The lawsuit that precipitated Judge Peter Welte’s ruling was rooted in the idea that the map approved by lawmakers in 2021 did not sufficiently empower Native American voters. I would be surprised if the new map increased, in any appreciable way, the number of Native Americans in North Dakota’s Legislature.
Reasonable people can make their peace with the new map. It’s going to create a difficult election year for a couple very unreasonable lawmakers. Rep. Donna Henderson, a Republican in District 9B, and Sen. Judy Estenson, a Republican in District 15, are among the lawmakers impacted by the new map. Both are strident populist culture warriors and unserious policymakers, and if they aren’t re-elected, it won’t break my heart.
Also, we should remember that the map this one replaced was also drawn by state lawmakers to increase the number of Native Americans serving in Bismarck. And it worked. Two Native American women were elected to the subdistricts created by the map.

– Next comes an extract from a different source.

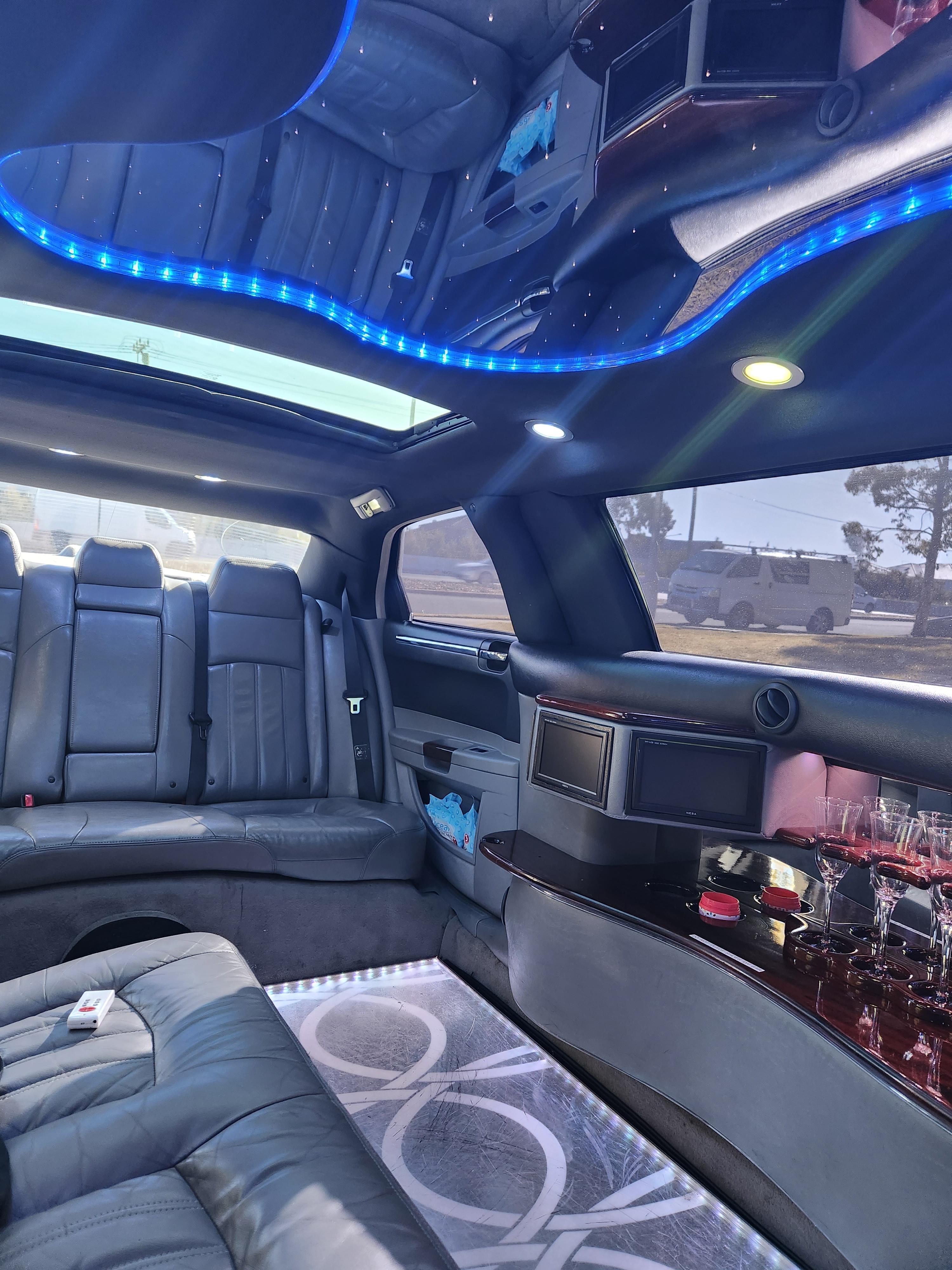 2007 CHRYSLER 300C STRETCHED LIMOSUSINE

Despite the narratives around this lawsuit, the Legislature was already trying to achieve the worthy goal of increasing Native American representation.
But the process that led to this new, court-ordered map? It stunk.
Let’s start with the premise the court accepted. The plaintiffs argued, and the judge agreed, that because Native Americans are not elected to the Legislature in numbers proportional to the percentage of the state population they make up, the districts were gerrymandered.
Which might come as a surprise to all the Native Americans who supported and voted or the map, not to mention those elected because of it).
It’s a crude and unnuanced metric to use, but that’s what the flawed, broken Voting Rights Act requires.
And then there was the process. Welte issued his initial opinion, finding our state’s current map to be invalid, on Nov. 17. He then set a Dec. 22 deadline for our Legislature to develop a new map, or else he’d impose one on it.
In just 35 days, some of them over the holidays, our part-time lawmakers were supposed to explore their legal options, exercise their right to appeal the ruling, develop a new map, and then call themselves into session to approve that map.
Welte himself took 158 days,
from the date trial in June,
to issue his opinion.
Even when state officials appealed, the courts refused to budge on the hurry-up timeline. As I write this, the state’s appeal is still pending before the 8th Circuit, but that doesn’t matter. The court has ordered a new map, and state officials are obliged to comply.
North Dakotans now have a new legislative district map. One drawn by plaintiffs’ lawyers, and a judge, and not their elected representatives.
This, we’re supposed to believe, was a process in pursuit of fairness. It wasn’t.